» **Description of the task**: Transcribe the lines exactly, beginning with the one that contains "Ördekler Nisan ayında" and ending with the final line of the records. Do not transcribe pictures.

(Crawled caption data)

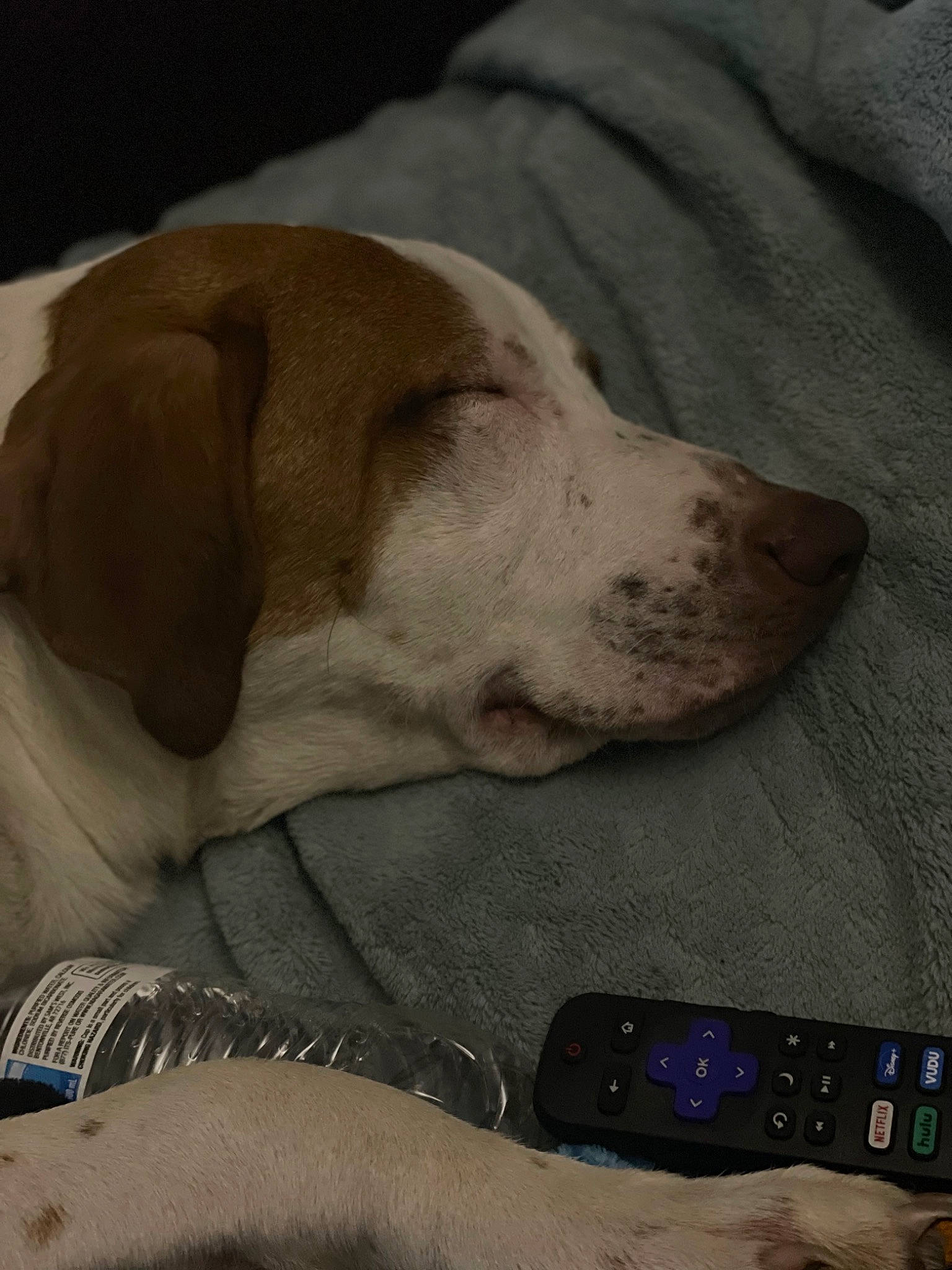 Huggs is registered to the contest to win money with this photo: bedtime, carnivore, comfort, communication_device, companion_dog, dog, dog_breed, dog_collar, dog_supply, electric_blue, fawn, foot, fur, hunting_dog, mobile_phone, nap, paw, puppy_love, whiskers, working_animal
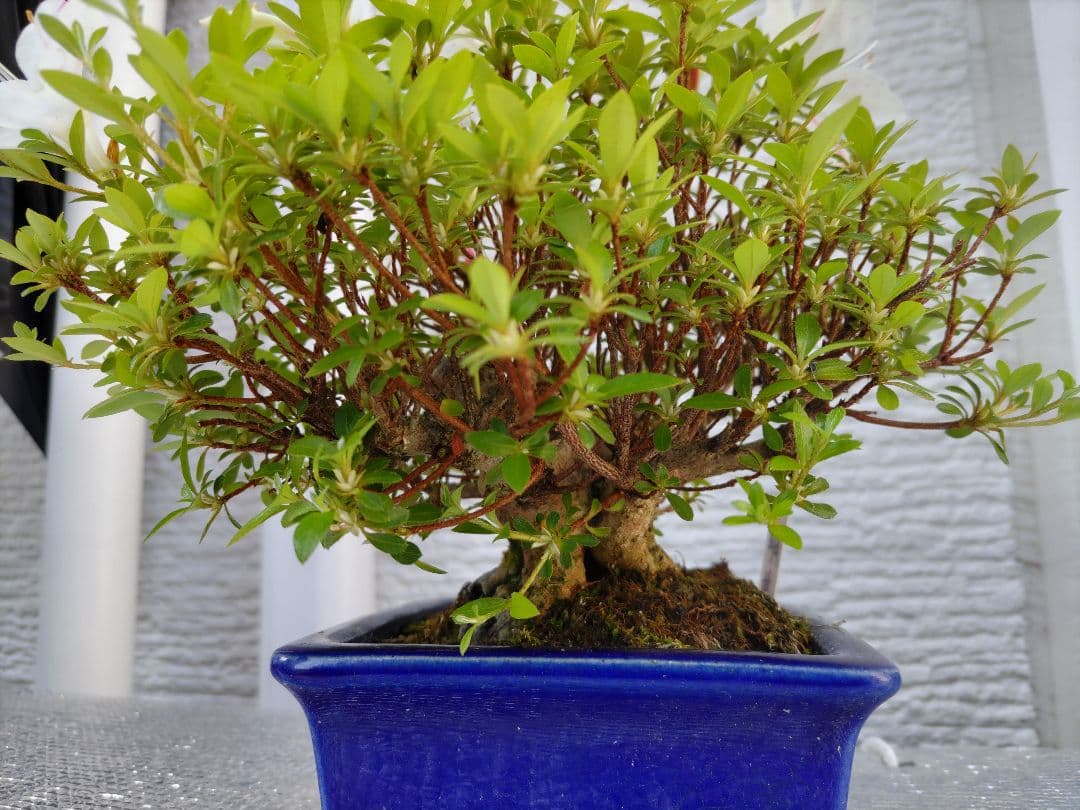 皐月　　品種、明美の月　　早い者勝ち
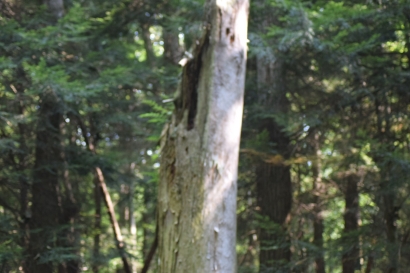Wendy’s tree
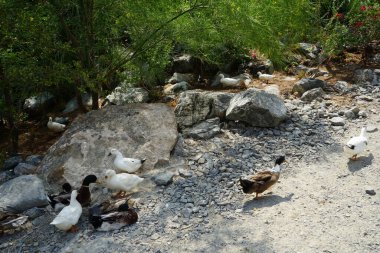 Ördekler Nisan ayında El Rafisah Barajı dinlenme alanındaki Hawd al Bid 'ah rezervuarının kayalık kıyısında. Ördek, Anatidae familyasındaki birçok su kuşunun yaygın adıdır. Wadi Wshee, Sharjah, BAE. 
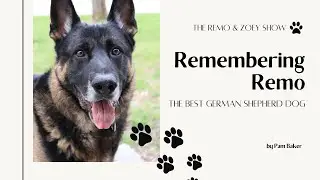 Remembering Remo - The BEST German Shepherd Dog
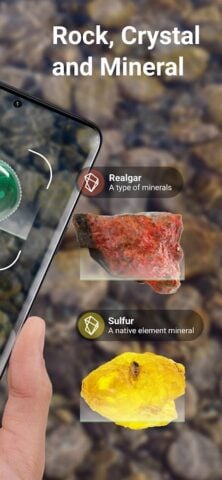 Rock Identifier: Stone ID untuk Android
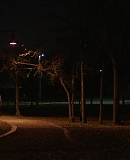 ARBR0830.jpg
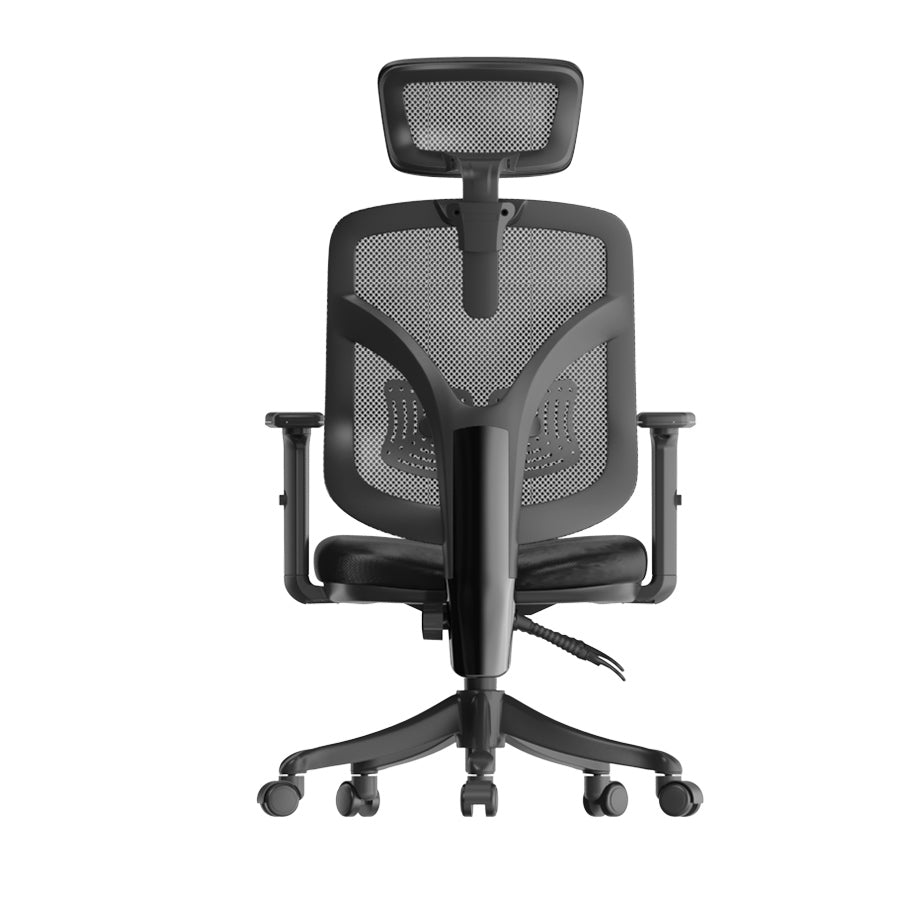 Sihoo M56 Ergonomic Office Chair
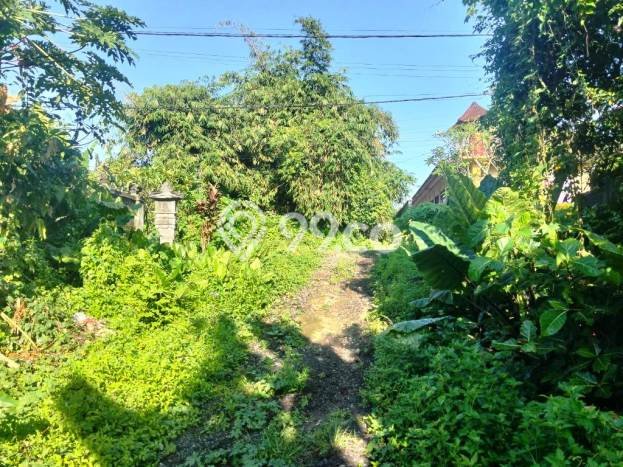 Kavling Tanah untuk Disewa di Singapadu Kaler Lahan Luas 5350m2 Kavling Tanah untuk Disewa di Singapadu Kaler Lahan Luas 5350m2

» **Answer**:
 Ördekler Nisan ayında El Rafisah Barajı dinlenme alanındaki Hawd al Bid 'ah rezervuarının kayalık kıyısında. Ördek, Anatidae familyasındaki birçok su kuşunun yaygın adıdır. Wadi Wshee, Sharjah, BAE. 
 Remembering Remo - The BEST German Shepherd Dog
 Rock Identifier: Stone ID untuk Android
 ARBR0830.jpg
 Sihoo M56 Ergonomic Office Chair
 Kavling Tanah untuk Disewa di Singapadu Kaler Lahan Luas 5350m2 Kavling Tanah untuk Disewa di Singapadu Kaler Lahan Luas 5350m2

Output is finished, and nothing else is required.